> PROBLEM DETAILS
Each line, starting at the one with "Keys Chapter 50" and running to the end of the data below, is to be set down again exactly, both ends included; leave pictures out.

> GIVEN ENTRIES
Segment Open
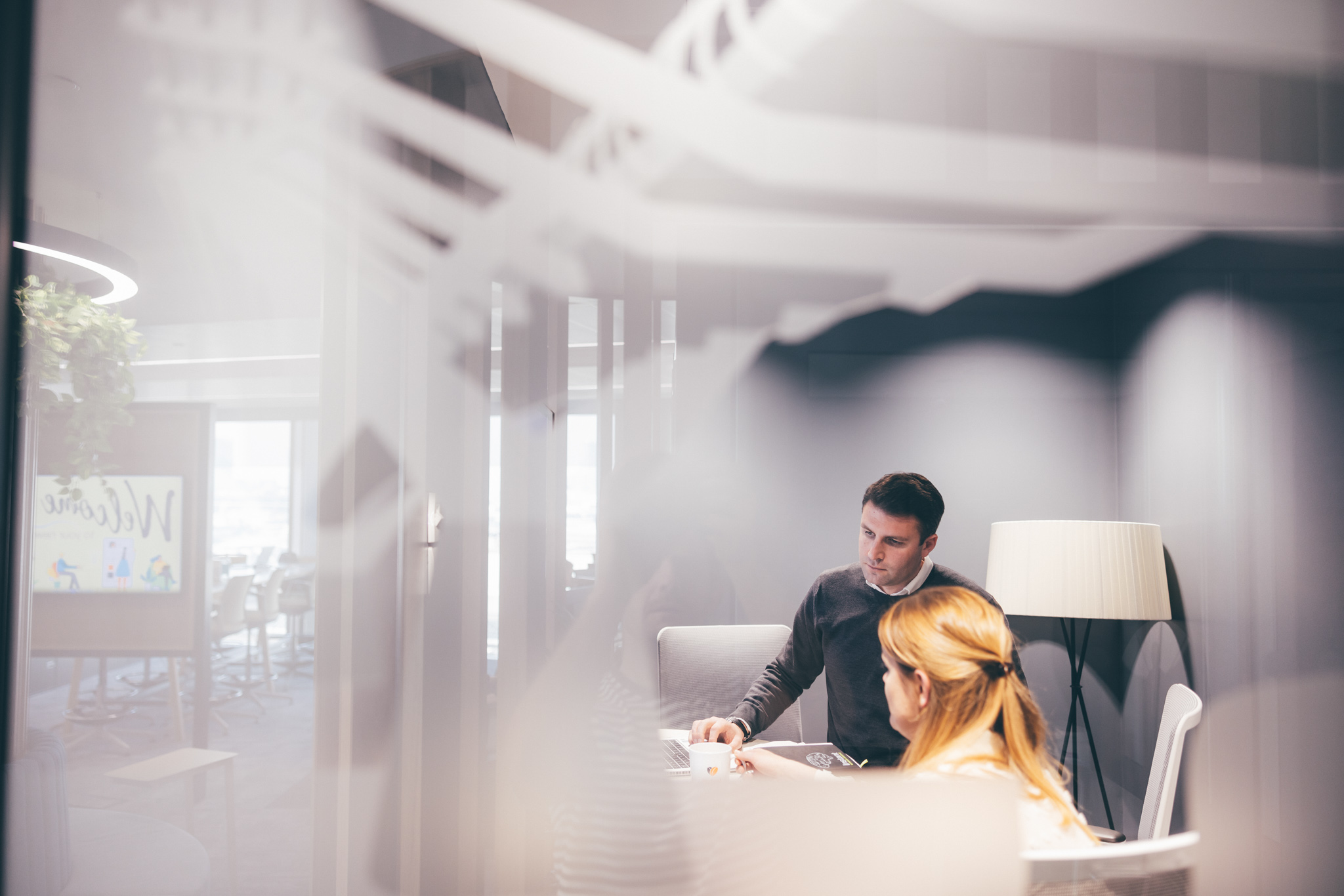 Operator Partners Instant | Supply Partnerships | What we do for Operators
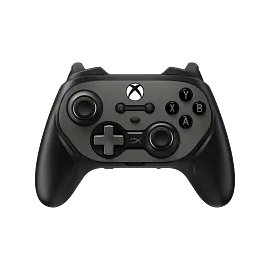 HyperX Clutch Talon- Wireless Gaming Controller - Xbox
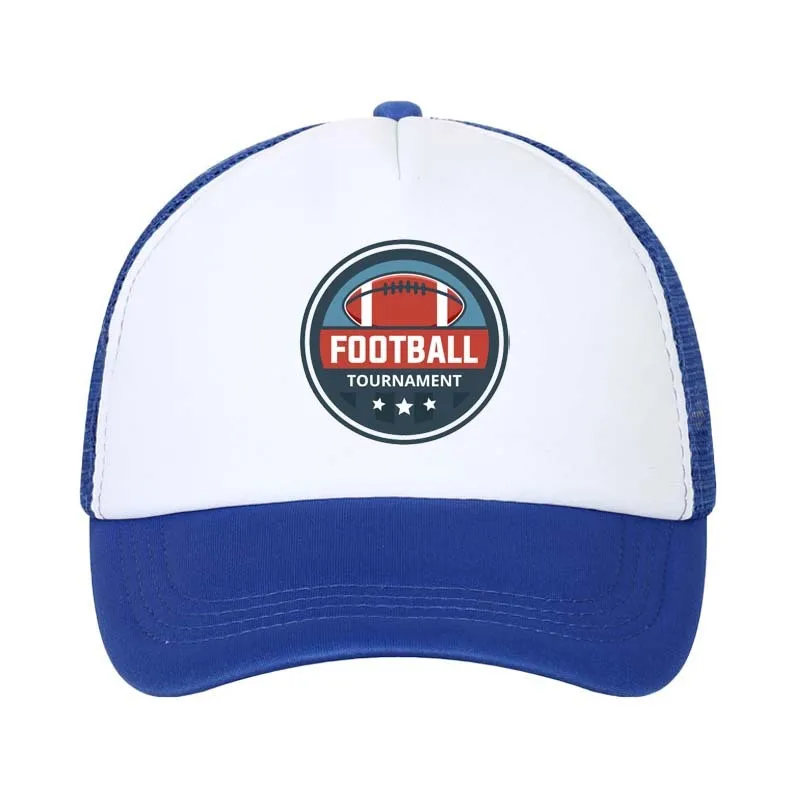 New Gorras Hat for Man Custom Logo 3D Embroidery Side Patch Original Snapback Gorras De Bisbol Baseball Fitted Cap Sports Hats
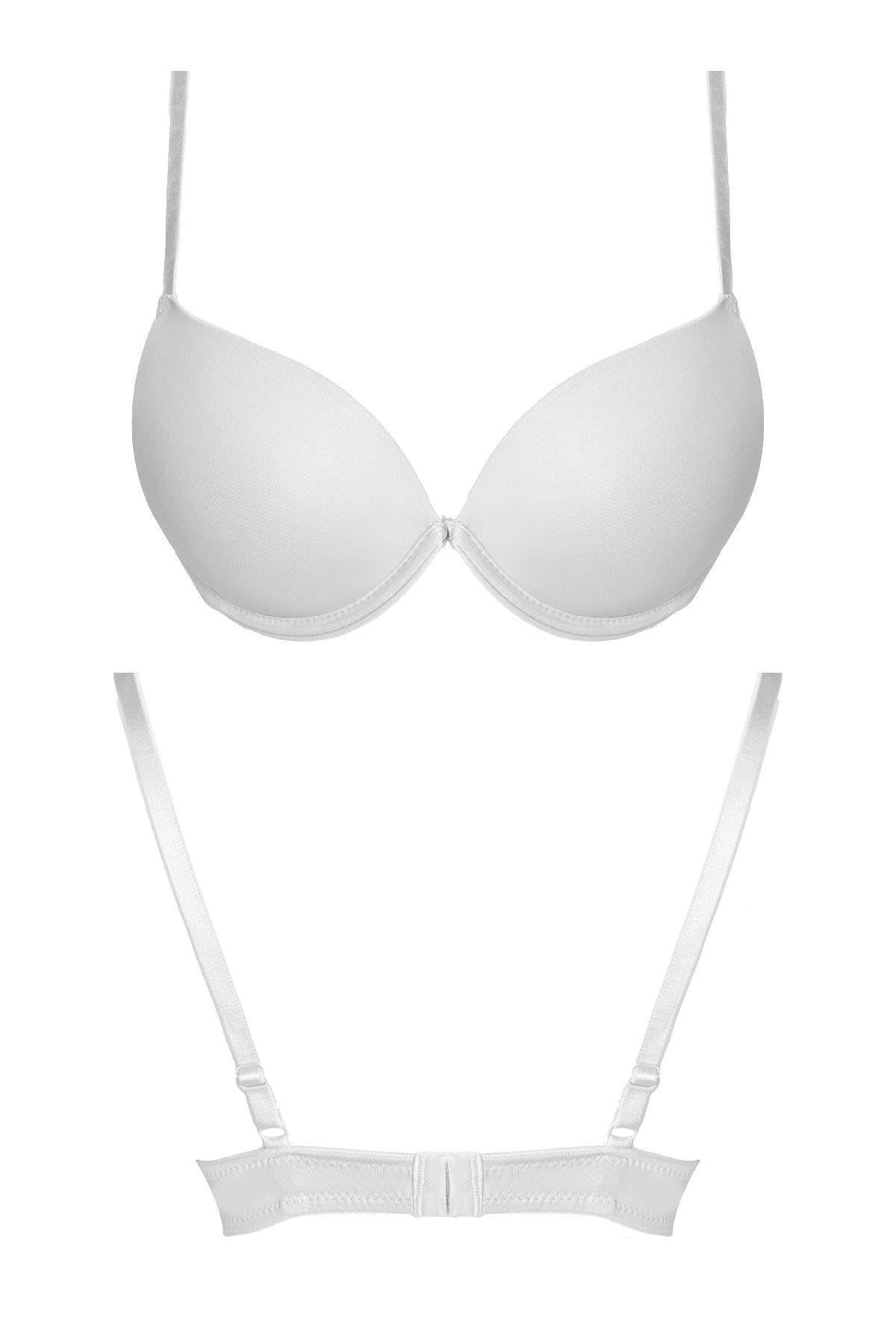 lol-up-push-up-balenli-ten-sutyen-ch10--f211-.jpg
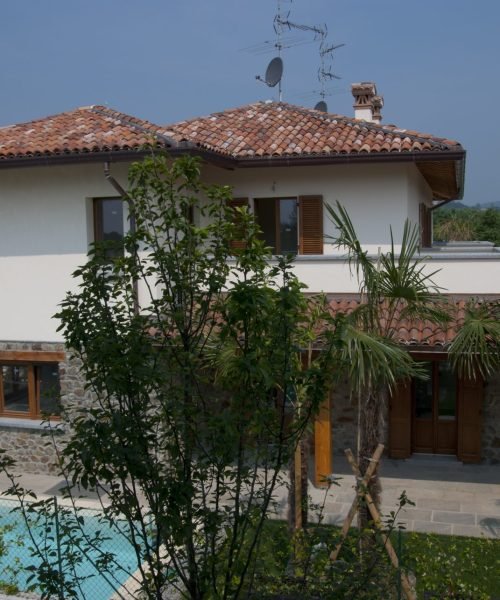 Impresa-Bruni-Grandate - lotto 2 (2)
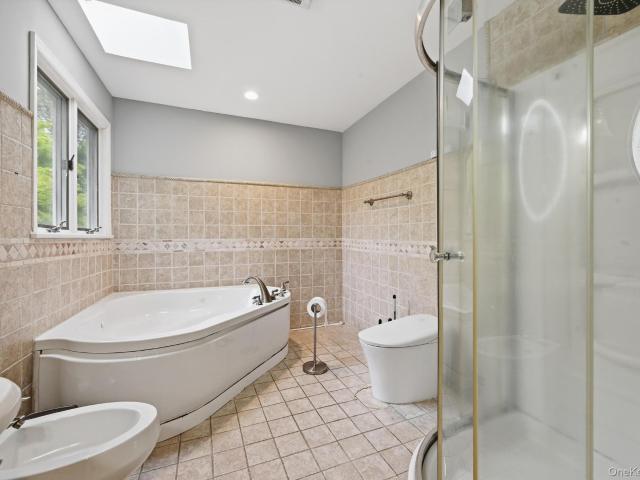 House for sale in Nassau, New York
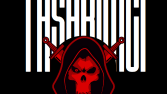 minimalist logo tasarımı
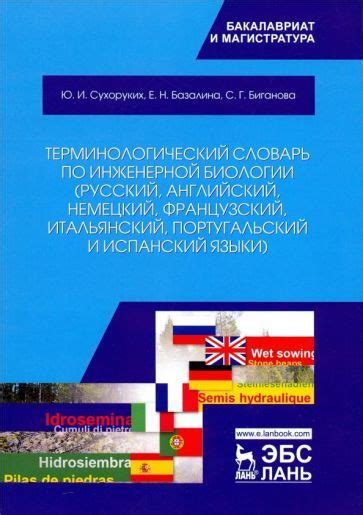 Значение загружается в медицинском терминологическом словаре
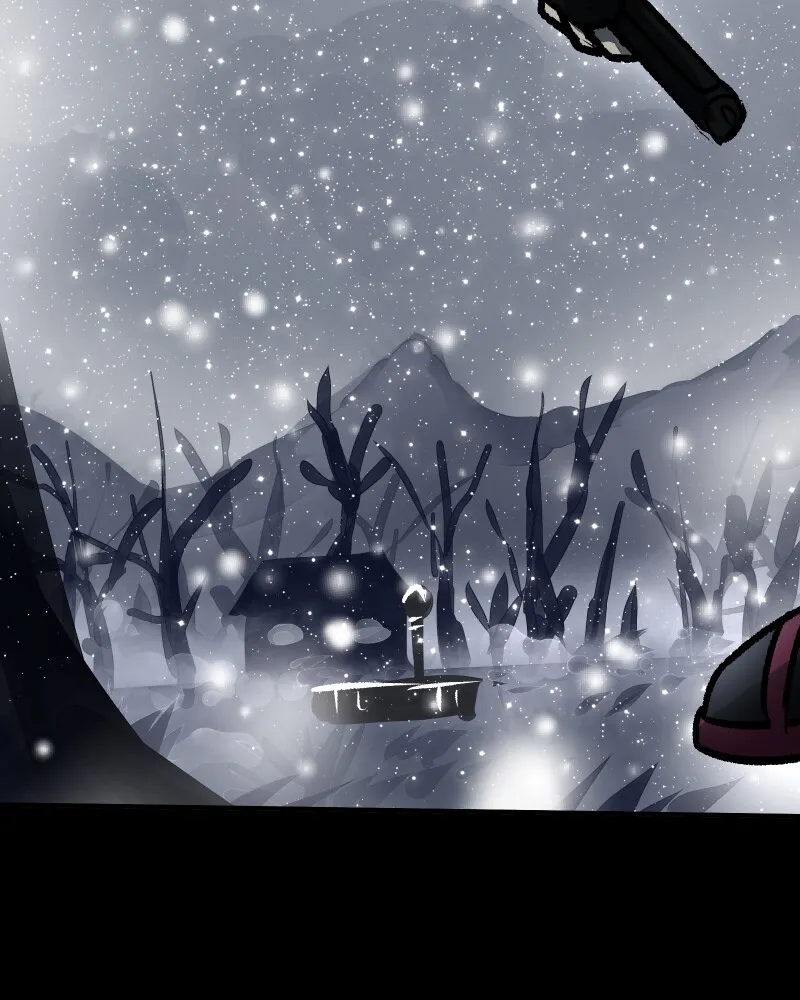 Keys Chapter 50 page 14 - 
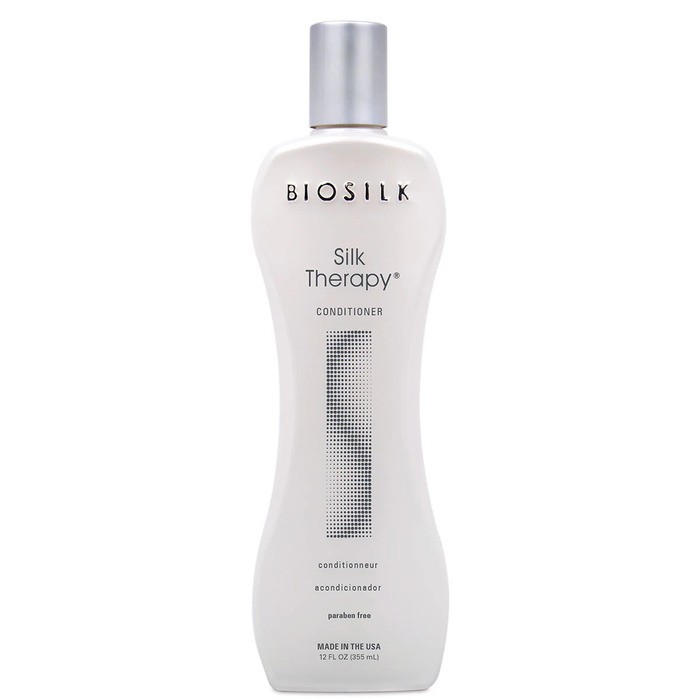 BIOSILK THERAPY CONDITIONER 355ML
Segment Closed
> COMPLETED EXERCISE
 Keys Chapter 50 page 14 - 
 BIOSILK THERAPY CONDITIONER 355ML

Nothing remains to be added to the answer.